Os pais precisam também ficar atentos à questão da segurança dos pequenos ao usar dispositivos que permitem o acesso à internet. Infelizmente, são comuns os casos de crianças e adolescentes que acabam sendo vítimas de pedófilos através da rede.

Para diminuir os riscos de que isso aconteça, é importante orientar as crianças a usar de forma adequada a internet, evitando, por exemplo, conversas em chats com desconhecidos e divulgação de dados pessoais.

A instalação de ferramentas de monitoramento ou bloqueio de alguns conteúdos da internet é outra forma de proteger os pequenos. Manter o computador numa área comum da casa com a tela sempre visível e limitar o tempo de uso do equipamento também pode ajudar.

Mas o mais importante é manter diálogo com a criança, mostrando-se disposto a esclarecer dúvidas e explicar os motivos pelos quais é preciso usar com cautela as novas tecnologias.

Entidade norte-americana recomenda smartphone só depois dos 13
Se há alguns anos as crianças sonhavam em ganhar bicicletas ou vídeo games, hoje o objeto de desejo são os smartphones, que, além de servirem como celular, oferecem acesso a internet, jogos, troca de mensagens e muitas outras funcionalidades. Mas por mais que os pequenos insistam, nem sempre é recomendável ceder.

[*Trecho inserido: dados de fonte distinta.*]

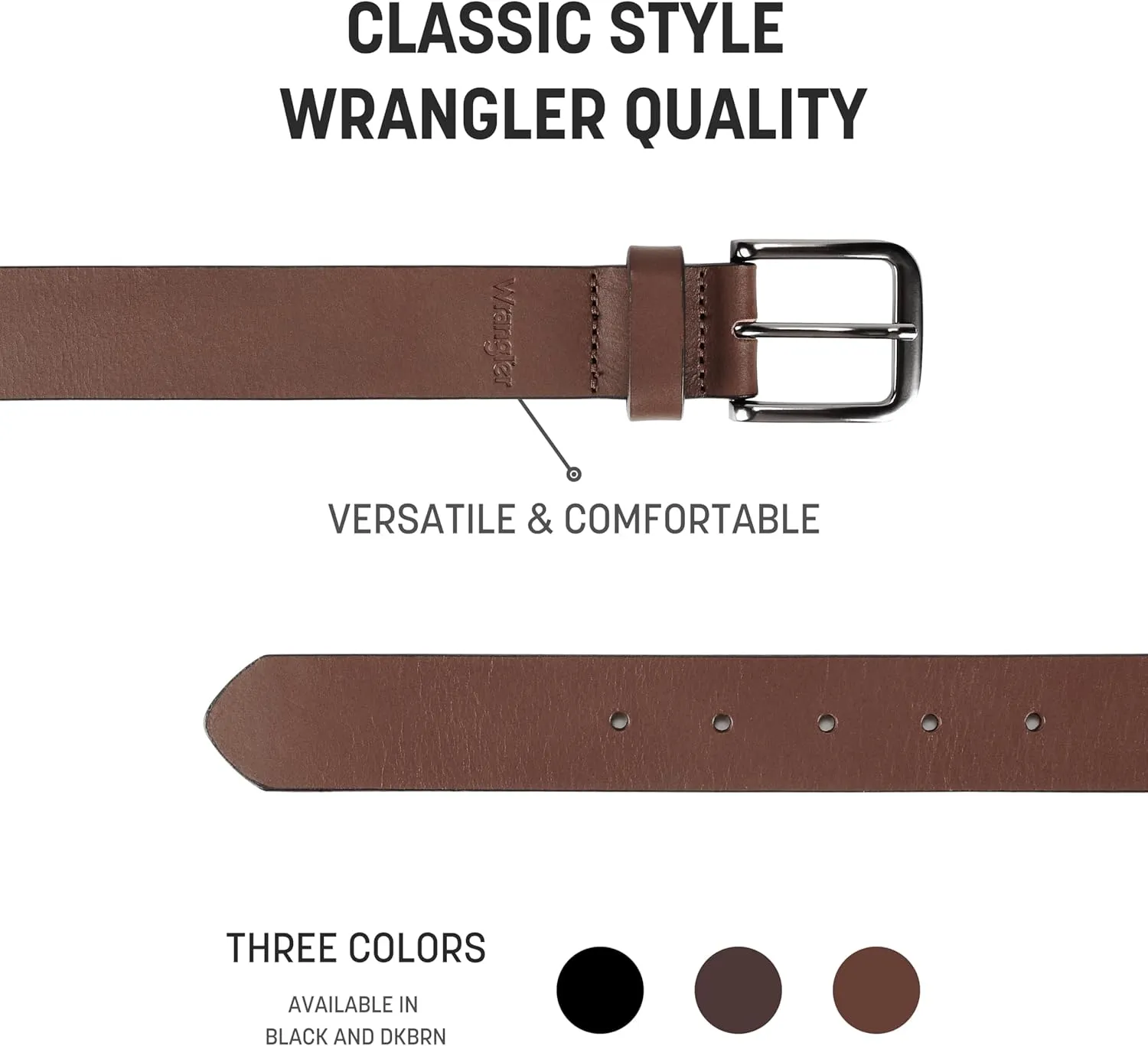 Wrangler Men’s Full Grain Genuine Leather 35mm Thick Casual Belt for Jeans, Pants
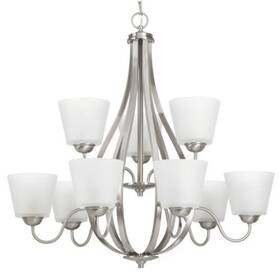 P4747-09 Progress Lighting Arden 9 Light 31 Inch Wide Chandelier - Brushed Nickel
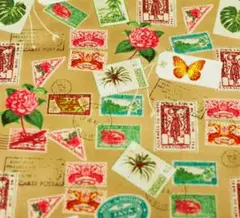 プリント生地　切手　花　レトロ　90×107　アメリカ　USAコットン　輸入生地
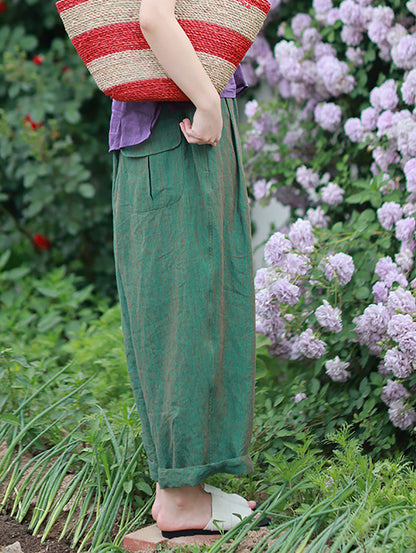 Summer Pants 100%Linen Women Wide-leg Color Pure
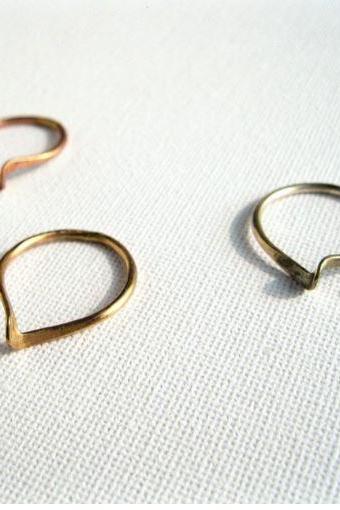 Set of 3 Twisted Hammered Rings,Brass, 14k Gold, Sterling Silver, Rose Gold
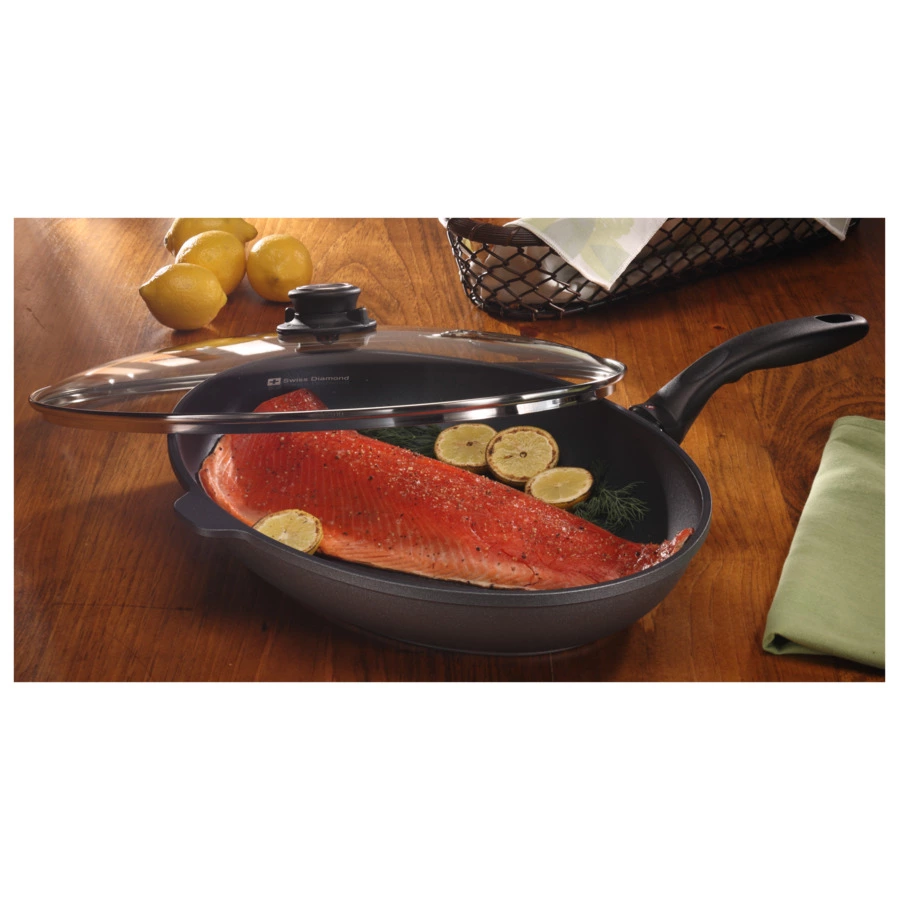 Сковорода для рыбы с алмазным покрытием с крышкой Swiss Diamond XD Classic+ 26х38см, 4л, алюминий ли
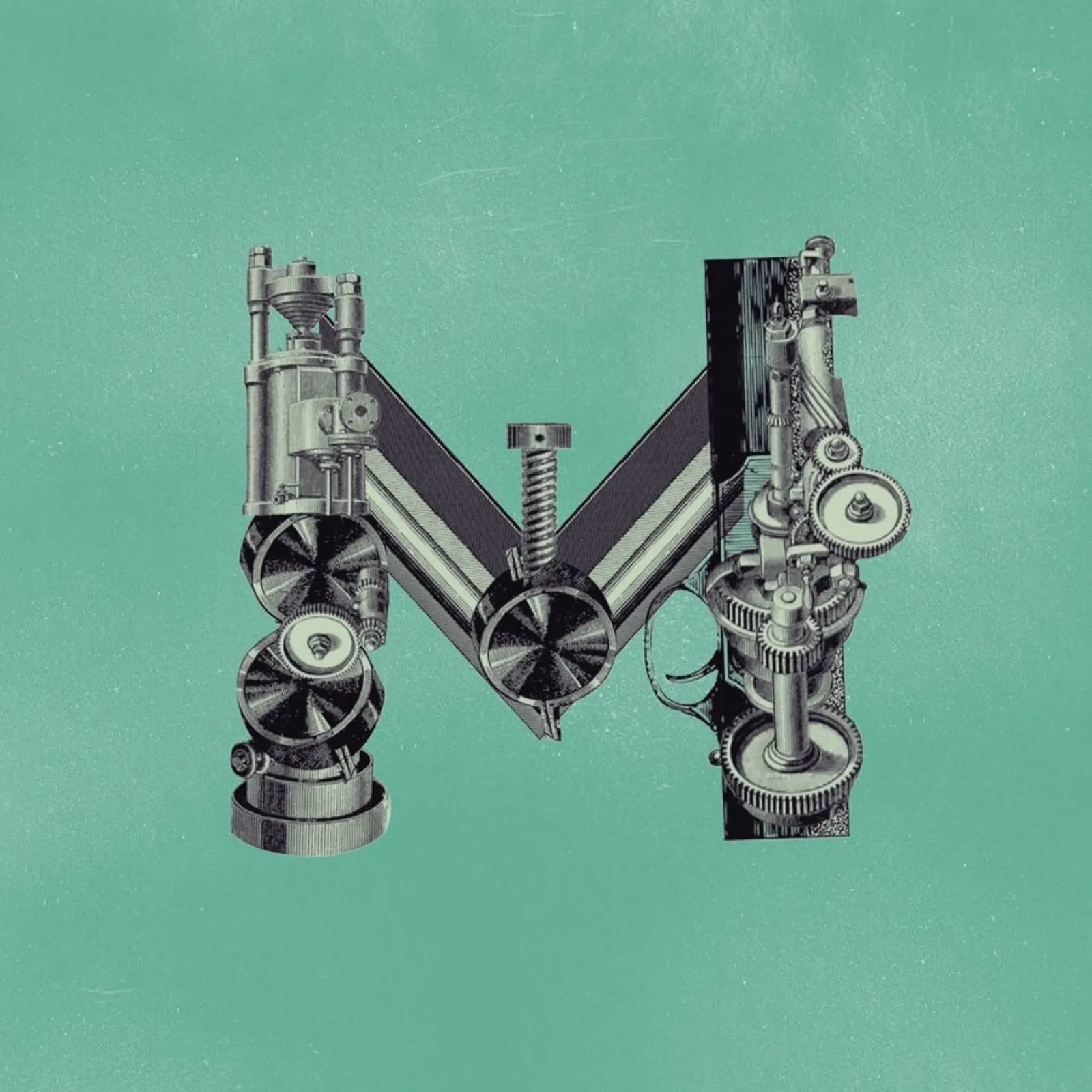 Steampunk Alphabet Letter M pellicola backlit da Birgit Palma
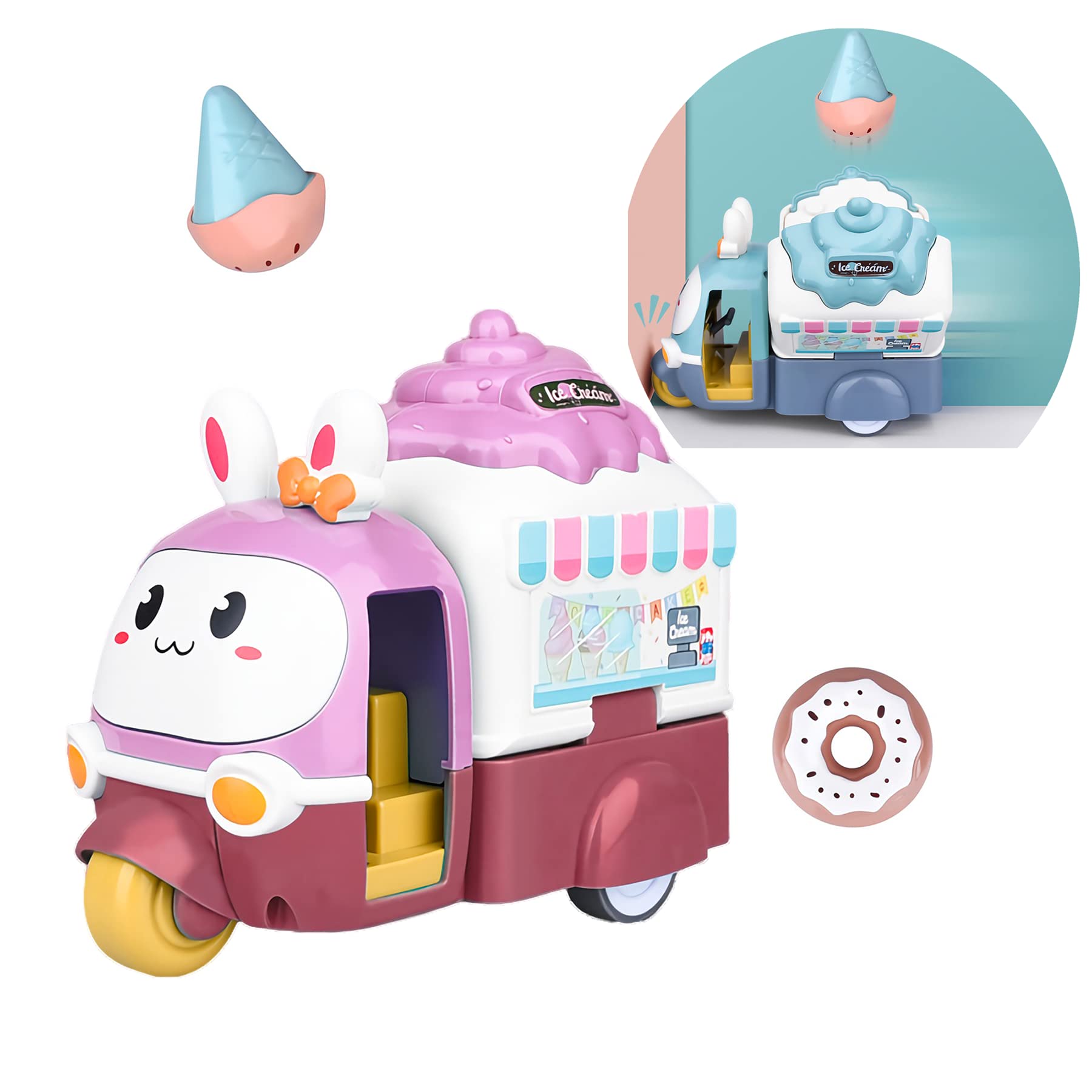 Surprise Ice Cream Pull-Back Truck, Collision Open Back, Pops up Ice Cream Car Toy for Kids (Pink)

A Academia Americana de Pediatria e a Sociedade Canadense de Pediatria recomendam que apenas a partir dos 13 anos as crianças tenham acesso a dispositivos móveis, como tablets e smartphones. E, mesmo assim, devem ser orientadas a usar de forma adequada o aparelho. Desligá-lo durante as aulas ou refeições, por exemplo, é uma prática que deveria ser universal, mas raramente é cumprida pelos adolescentes.

Os pais precisam avaliar se há necessidade de a criança ter um smartphone. Para crianças que começam a sair de casa sozinhas, o smartphone se torna uma ferramenta de comunicação importante, inclusive para os pais. Por outro lado, não parece razoável que crianças com 5 anos de idade já tenham o aparelho.